Egli esternò la propria disapprovazione.
«In ogni caso lei ha sempre svolto il suo dovere»
«Avevo forse scelta?»
Il dottor Jones accettò quell’amara verità.
«Se ha deciso di portare avanti il suo compito significa che è un uomo con la coscienza a posto»
«Ho sempre pensato che avrebbero scritto questo sulla mia lapide: Horace Waddington, fu un tipo a posto»
«Be’, non sarebbe tanto male…» commentò Jones.
Il sottotenente scosse la testa: «dopo tutto quello che è successo non credo affatto di essere a posto»

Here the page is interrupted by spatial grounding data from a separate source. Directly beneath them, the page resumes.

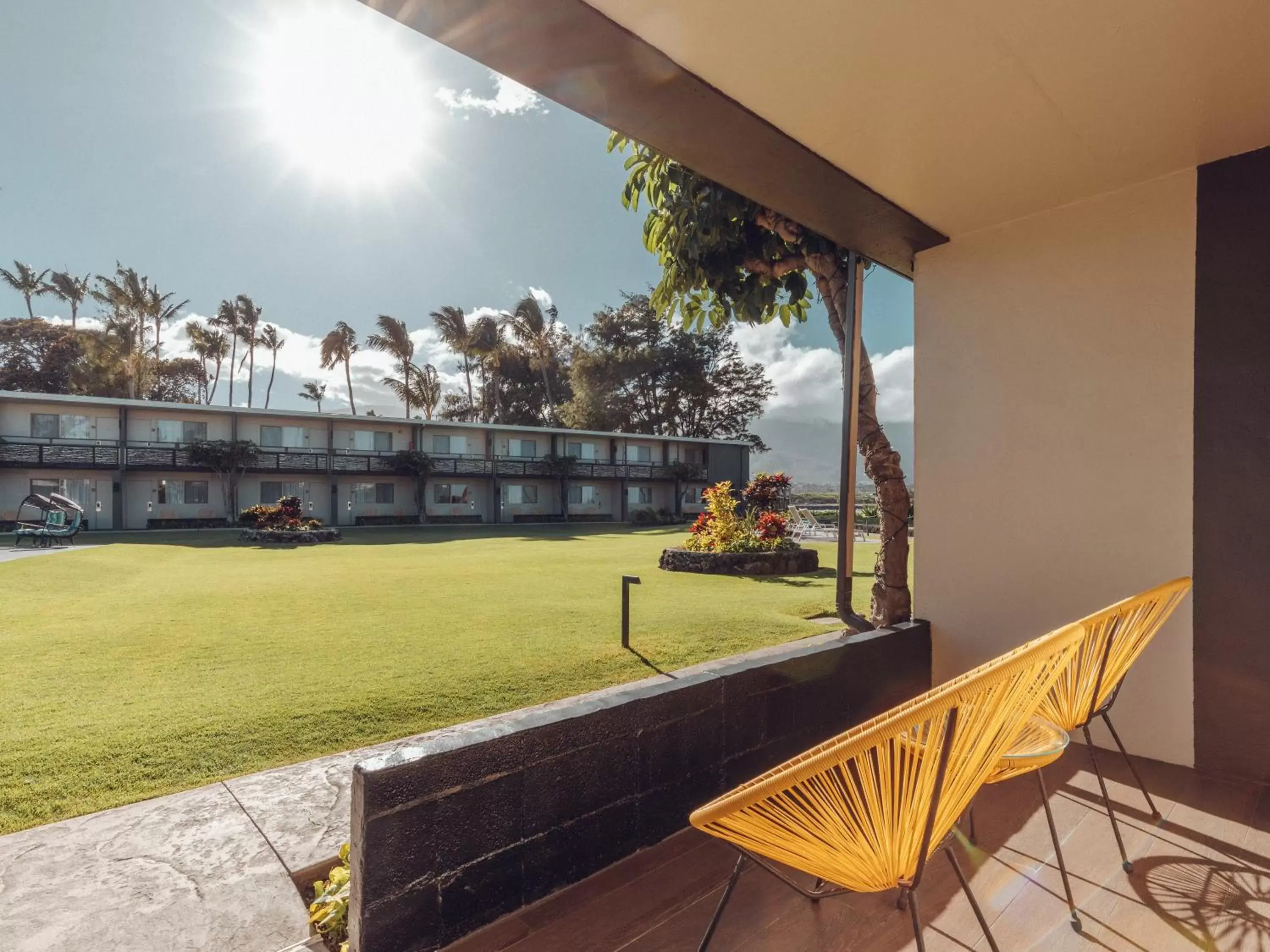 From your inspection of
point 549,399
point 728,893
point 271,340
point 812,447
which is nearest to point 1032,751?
point 728,893

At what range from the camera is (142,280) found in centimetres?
3247

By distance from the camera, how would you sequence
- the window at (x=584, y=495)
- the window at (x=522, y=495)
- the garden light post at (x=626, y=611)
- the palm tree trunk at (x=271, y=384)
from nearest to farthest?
the garden light post at (x=626, y=611), the window at (x=522, y=495), the window at (x=584, y=495), the palm tree trunk at (x=271, y=384)

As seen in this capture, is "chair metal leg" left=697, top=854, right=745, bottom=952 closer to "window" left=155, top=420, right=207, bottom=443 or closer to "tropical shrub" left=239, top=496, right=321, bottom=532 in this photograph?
"tropical shrub" left=239, top=496, right=321, bottom=532

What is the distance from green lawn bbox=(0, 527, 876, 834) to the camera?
2.98 meters

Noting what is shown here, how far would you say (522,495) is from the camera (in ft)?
92.5

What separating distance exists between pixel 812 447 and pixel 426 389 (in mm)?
101647

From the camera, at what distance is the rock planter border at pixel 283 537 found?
1573 centimetres

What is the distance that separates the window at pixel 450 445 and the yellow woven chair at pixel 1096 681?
26152 mm

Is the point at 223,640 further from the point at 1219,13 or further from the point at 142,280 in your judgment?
the point at 142,280

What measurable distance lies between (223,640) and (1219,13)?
22.0 ft

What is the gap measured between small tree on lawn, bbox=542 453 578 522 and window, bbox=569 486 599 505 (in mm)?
1136

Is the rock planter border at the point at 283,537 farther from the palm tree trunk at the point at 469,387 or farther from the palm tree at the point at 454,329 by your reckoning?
the palm tree trunk at the point at 469,387

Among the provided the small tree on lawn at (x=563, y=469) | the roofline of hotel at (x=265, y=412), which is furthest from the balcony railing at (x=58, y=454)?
the small tree on lawn at (x=563, y=469)

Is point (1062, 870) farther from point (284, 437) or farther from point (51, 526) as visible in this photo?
point (284, 437) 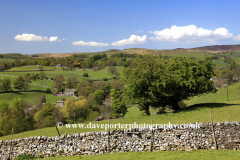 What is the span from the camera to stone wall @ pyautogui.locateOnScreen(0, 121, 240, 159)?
13930 millimetres

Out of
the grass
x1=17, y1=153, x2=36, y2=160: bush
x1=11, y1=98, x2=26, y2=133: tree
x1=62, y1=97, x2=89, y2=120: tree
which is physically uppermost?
the grass

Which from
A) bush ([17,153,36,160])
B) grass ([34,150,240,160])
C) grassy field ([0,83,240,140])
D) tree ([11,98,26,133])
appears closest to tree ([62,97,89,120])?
tree ([11,98,26,133])

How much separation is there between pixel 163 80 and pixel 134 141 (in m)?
11.0

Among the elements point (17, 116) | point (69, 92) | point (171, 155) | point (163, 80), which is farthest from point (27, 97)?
point (171, 155)

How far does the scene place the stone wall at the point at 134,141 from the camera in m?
13.9

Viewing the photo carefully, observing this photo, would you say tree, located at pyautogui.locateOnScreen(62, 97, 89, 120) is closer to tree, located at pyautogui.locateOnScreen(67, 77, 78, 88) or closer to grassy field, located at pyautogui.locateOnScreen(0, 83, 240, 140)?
tree, located at pyautogui.locateOnScreen(67, 77, 78, 88)

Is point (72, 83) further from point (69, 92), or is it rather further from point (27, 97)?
point (27, 97)

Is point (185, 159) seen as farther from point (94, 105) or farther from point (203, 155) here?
point (94, 105)

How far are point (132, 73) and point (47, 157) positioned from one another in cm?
1505

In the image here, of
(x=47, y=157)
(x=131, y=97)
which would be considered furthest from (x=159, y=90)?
(x=47, y=157)

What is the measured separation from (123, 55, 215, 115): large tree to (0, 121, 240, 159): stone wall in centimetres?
967

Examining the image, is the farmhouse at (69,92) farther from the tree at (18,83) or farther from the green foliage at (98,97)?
the tree at (18,83)

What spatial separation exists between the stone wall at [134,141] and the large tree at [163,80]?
9669 millimetres

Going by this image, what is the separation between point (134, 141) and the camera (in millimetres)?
15148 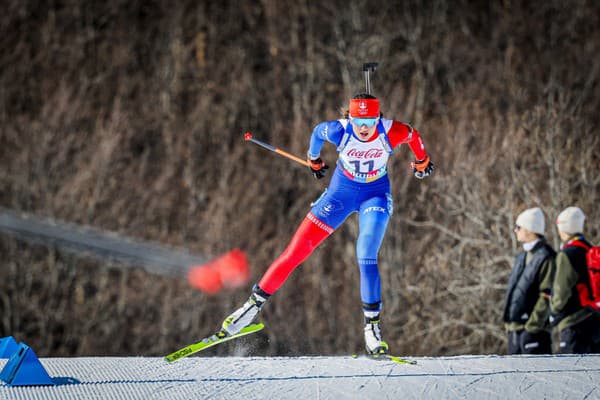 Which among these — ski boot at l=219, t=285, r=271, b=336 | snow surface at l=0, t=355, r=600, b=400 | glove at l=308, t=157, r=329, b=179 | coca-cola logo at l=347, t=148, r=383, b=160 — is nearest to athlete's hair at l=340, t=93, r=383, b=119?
coca-cola logo at l=347, t=148, r=383, b=160

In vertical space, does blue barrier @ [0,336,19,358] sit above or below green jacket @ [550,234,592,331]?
below

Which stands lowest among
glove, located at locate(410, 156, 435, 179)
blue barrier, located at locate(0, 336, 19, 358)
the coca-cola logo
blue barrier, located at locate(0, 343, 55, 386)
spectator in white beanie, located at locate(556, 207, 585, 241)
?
blue barrier, located at locate(0, 343, 55, 386)

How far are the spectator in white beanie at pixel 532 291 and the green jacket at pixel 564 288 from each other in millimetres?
135

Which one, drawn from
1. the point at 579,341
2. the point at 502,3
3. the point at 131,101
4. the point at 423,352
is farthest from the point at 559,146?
the point at 131,101

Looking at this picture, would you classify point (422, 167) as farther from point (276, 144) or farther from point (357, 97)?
point (276, 144)

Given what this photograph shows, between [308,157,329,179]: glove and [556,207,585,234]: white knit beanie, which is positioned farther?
[556,207,585,234]: white knit beanie

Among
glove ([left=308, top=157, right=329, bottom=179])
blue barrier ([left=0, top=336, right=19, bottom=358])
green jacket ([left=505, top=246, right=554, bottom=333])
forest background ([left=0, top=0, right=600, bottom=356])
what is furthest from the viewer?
forest background ([left=0, top=0, right=600, bottom=356])

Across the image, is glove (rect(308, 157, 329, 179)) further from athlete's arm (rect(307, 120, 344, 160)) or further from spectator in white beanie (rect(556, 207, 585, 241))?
spectator in white beanie (rect(556, 207, 585, 241))

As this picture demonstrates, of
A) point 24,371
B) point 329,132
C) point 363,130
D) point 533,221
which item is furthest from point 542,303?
point 24,371

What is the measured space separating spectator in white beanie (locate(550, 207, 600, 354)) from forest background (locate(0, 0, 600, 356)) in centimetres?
726

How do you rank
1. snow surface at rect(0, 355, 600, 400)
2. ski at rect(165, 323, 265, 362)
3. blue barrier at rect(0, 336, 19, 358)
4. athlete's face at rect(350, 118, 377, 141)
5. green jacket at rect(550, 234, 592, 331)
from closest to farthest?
snow surface at rect(0, 355, 600, 400) → blue barrier at rect(0, 336, 19, 358) → athlete's face at rect(350, 118, 377, 141) → ski at rect(165, 323, 265, 362) → green jacket at rect(550, 234, 592, 331)

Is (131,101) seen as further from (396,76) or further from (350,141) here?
(350,141)

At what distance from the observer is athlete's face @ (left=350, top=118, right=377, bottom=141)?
247 inches

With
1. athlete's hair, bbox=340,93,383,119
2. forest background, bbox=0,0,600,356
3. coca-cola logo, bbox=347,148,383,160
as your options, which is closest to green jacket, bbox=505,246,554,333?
coca-cola logo, bbox=347,148,383,160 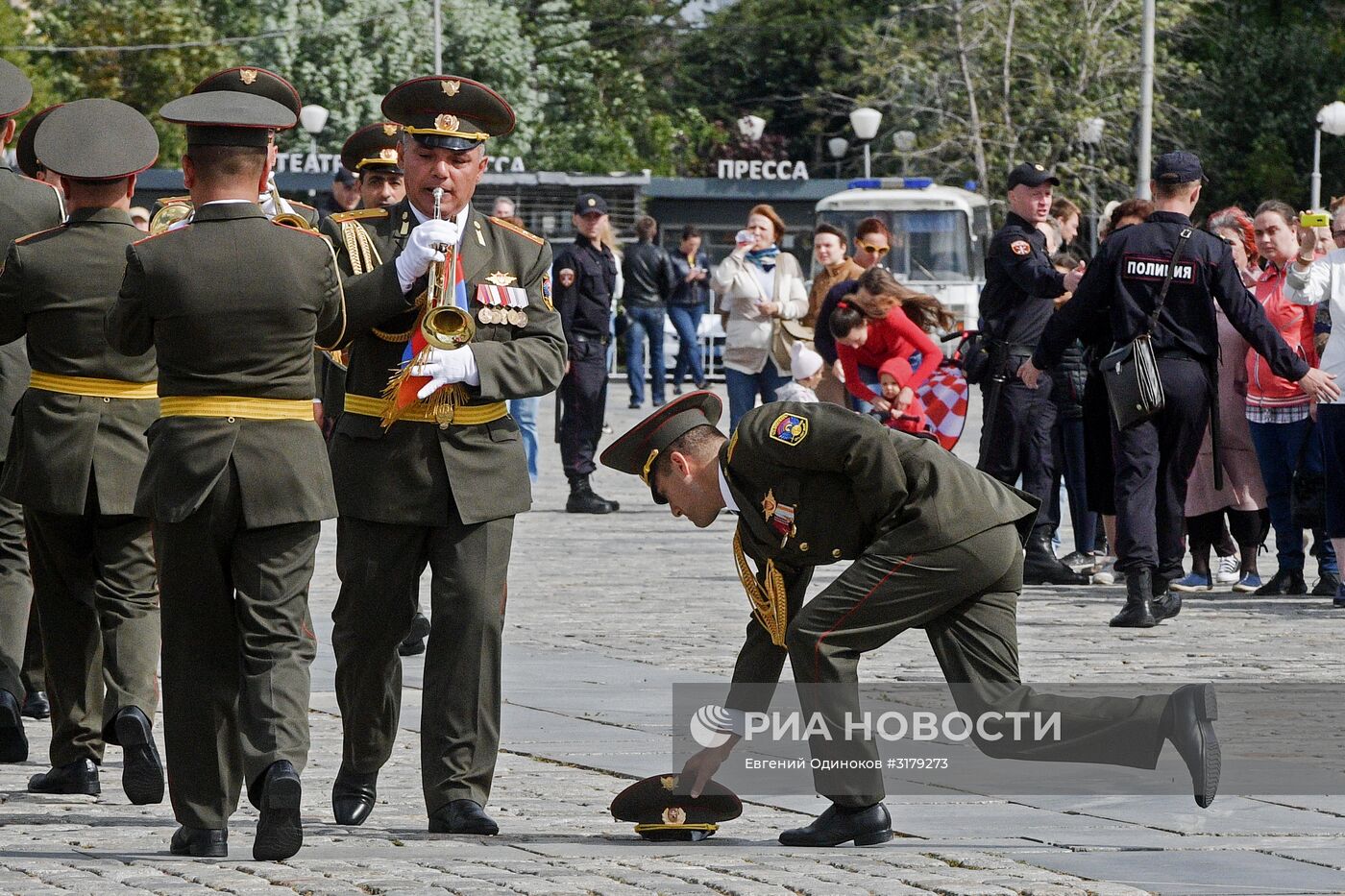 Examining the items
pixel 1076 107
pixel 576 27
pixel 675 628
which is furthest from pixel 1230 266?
pixel 576 27

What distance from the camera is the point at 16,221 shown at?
7582 mm

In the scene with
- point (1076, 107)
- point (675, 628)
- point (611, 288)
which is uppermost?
point (1076, 107)

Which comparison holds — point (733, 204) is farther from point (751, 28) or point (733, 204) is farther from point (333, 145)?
point (751, 28)

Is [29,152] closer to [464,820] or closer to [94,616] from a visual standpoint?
[94,616]

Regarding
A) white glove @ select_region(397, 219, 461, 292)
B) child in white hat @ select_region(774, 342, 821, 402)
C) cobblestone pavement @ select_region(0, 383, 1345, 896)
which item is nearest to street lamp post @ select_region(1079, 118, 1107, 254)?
child in white hat @ select_region(774, 342, 821, 402)

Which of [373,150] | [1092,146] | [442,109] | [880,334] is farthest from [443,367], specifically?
[1092,146]

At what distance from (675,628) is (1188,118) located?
125ft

Dopo aver detto ciò Waddington rimase a lungo in silenzio, con le mani poggiate sulle ginocchia, cercando di trovare la forza di continuare parlare. Sentiva la gola secca e gli occhi lucidi.
«Non riesco a smettere di pensare alla morte del sodato Walsh» ammise tristemente.
«Mi dispiace, non deve sentirsi responsabile per quel che è successo»
«Ha scelto di morire piuttosto che continuare a vivere senza il suo compagno. L’amicizia con McCall era l’unico conforto che ancora gli donava una ragione di vita. Con la sua morte è svanita anche la sua ultima speranza…»
«C’è sempre un punto di non ritorno, quando il dolore diventa insopportabile non tutti riescono a trovare la forza di reagire»
«Io ero consapevole di tutto, e nel momento in cui implicitamente mi ha chiesto di lasciarlo andare non ho potuto impedirglielo»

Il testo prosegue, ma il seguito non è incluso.